Però. La prima settimana di scuola è terminata ed è già arrivata la prima notizia di cronaca nera: tredicenne accoltella l'insegnante.
Sui social, commenti contro la docente rea di essere di destra e, quindi, un po' se l'è cercata dai.
E la docente, ancora sotto choc, si dichiara certamente pronta al perdono immediato, che sarà mai.
Non siamo più capaci di considerare i fatti per quello che sono, senza ridurli a pretesti di partigianeria politica.
Non siamo più capaci di chiamare la violenza con il suo nome e facciamo i distinguo sulla gravità di ciò che accade in base a quanto ci sta simpatica la vittima.

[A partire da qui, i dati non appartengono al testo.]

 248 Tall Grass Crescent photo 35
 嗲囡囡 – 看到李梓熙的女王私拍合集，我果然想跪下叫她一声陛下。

Un po' come quando si fanno i corsi sul bullismo e alla fine rimane la sensazione che il bullizzato se l'è sempre un po' cercata mentre il bullo va aiutato, poverino soffre.
In nome di un becero buonismo, noi docenti ci esponiamo a pericoli mortali e esponiamo allo stesso pericolo anche quegli studenti - e sono tanti - che vanno a scuola con l'intento di studiare e che mai si sognerebbero di accoltellare l'insegnante. Ricordiamo che oggi il tredicenne ha accoltellato la docente, domani potrebbe accoltellare il compagno di banco. Ma anche in quel caso, sarebbe colpa dell'insegnante che non ha vigilato.
E allora come pensiamo di fare? Pensiamo di proporre un bel corso di empatia e di sessuo affettività, che è la panacea per tutti i mali?
Oppure ricominciamo a fare gli adulti e torniamo svolgere il compito di educare, di far conoscere il peso delle azioni (ti posso anche perdonare, ma ci vuole tempo e comunque la giustizia farà il suo corso) e di pretendere che la scuola non sia un luogo di criminalità, ma un posto sicuro dove crescere assumendosi le proprie responsabilità?
Quali altri luoghi di lavoro conoscete in cui i lavoratori sono a rischio di omicidio e si fa finta di niente, si minimizza, si simpatizza con chi delinque e si ricorre a un perdono di facciata perché non si ha il coraggio di dire le cose come stanno?